Given records:
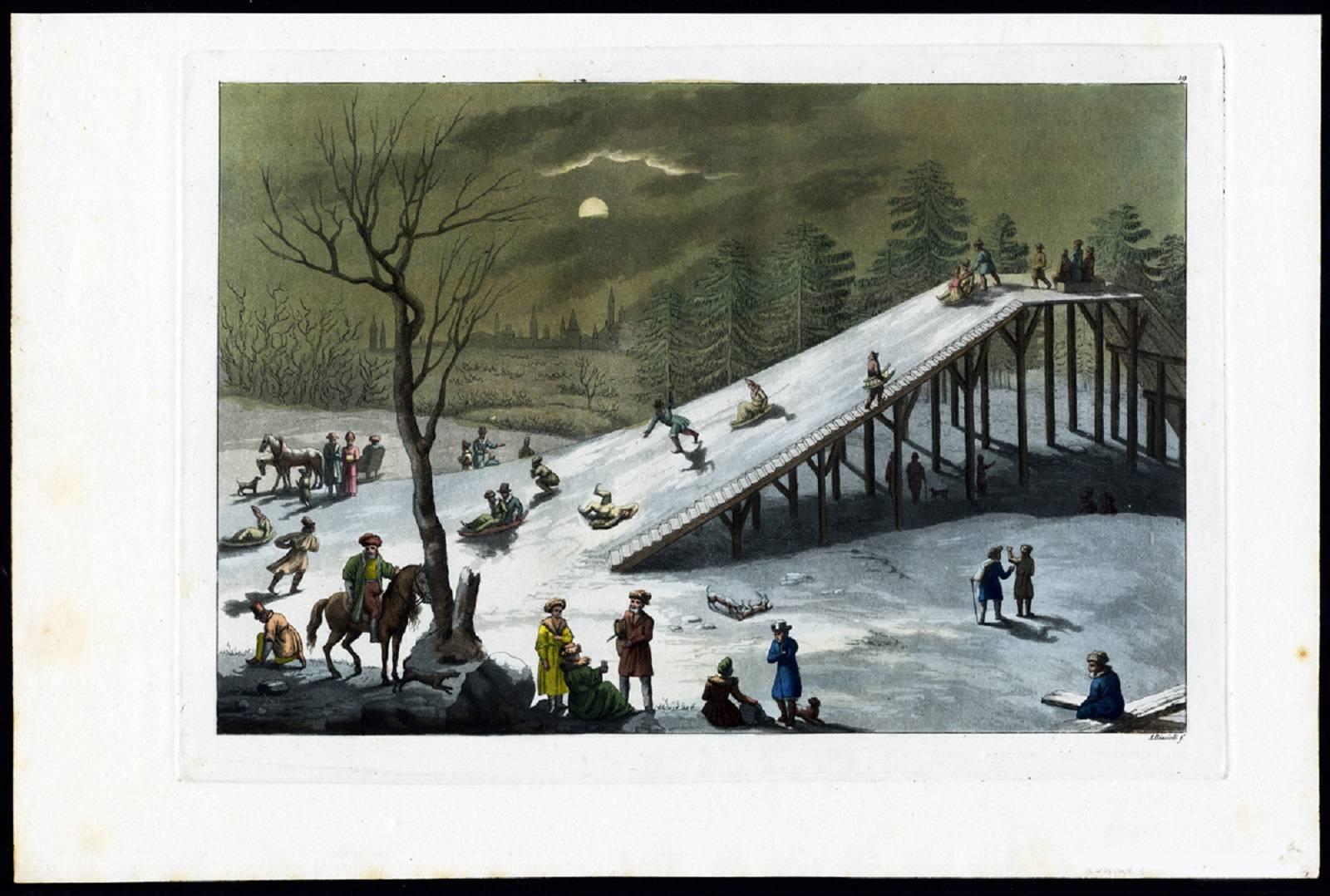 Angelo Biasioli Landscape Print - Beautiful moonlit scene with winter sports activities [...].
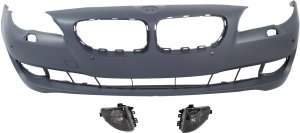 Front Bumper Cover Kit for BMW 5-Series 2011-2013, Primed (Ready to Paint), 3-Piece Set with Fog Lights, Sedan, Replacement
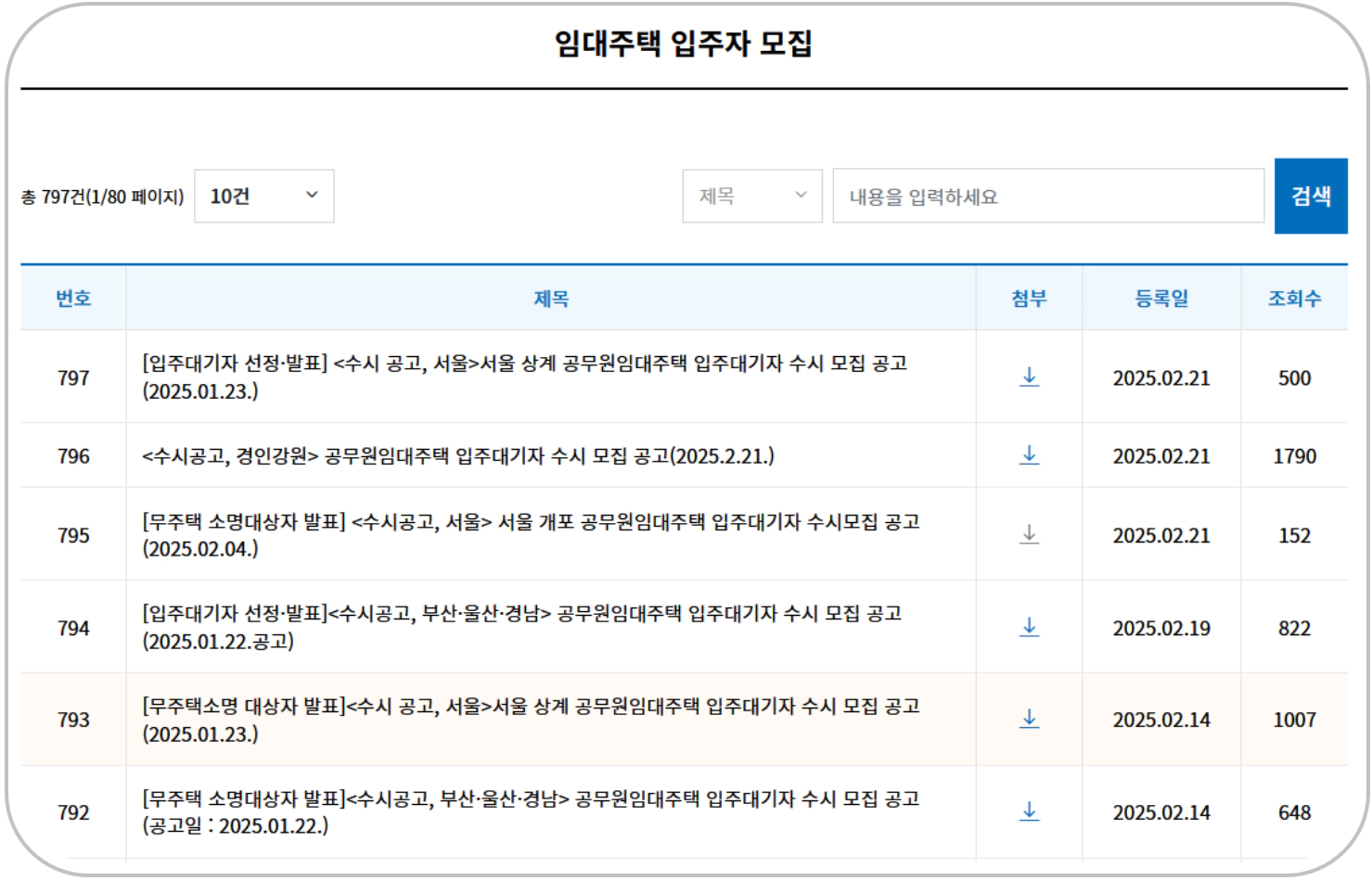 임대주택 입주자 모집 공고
---
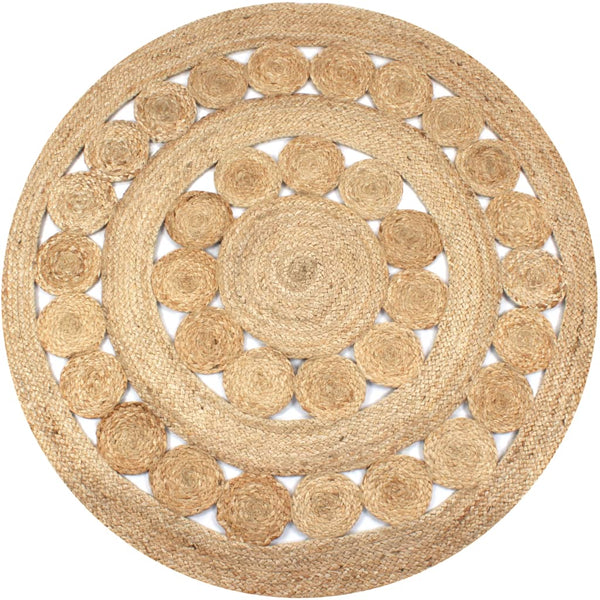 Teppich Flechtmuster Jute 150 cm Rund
...
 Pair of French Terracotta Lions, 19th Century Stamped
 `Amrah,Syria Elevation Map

Task brief: Above are some entries; copy exactly the lines from the line with "Angelo Biasioli Landscape" through the line with "임대주택 입주자 모집 공고", both included, but none of the pictures.

Exercise solution:
 Angelo Biasioli Landscape Print - Beautiful moonlit scene with winter sports activities [...].
 Front Bumper Cover Kit for BMW 5-Series 2011-2013, Primed (Ready to Paint), 3-Piece Set with Fog Lights, Sedan, Replacement
 임대주택 입주자 모집 공고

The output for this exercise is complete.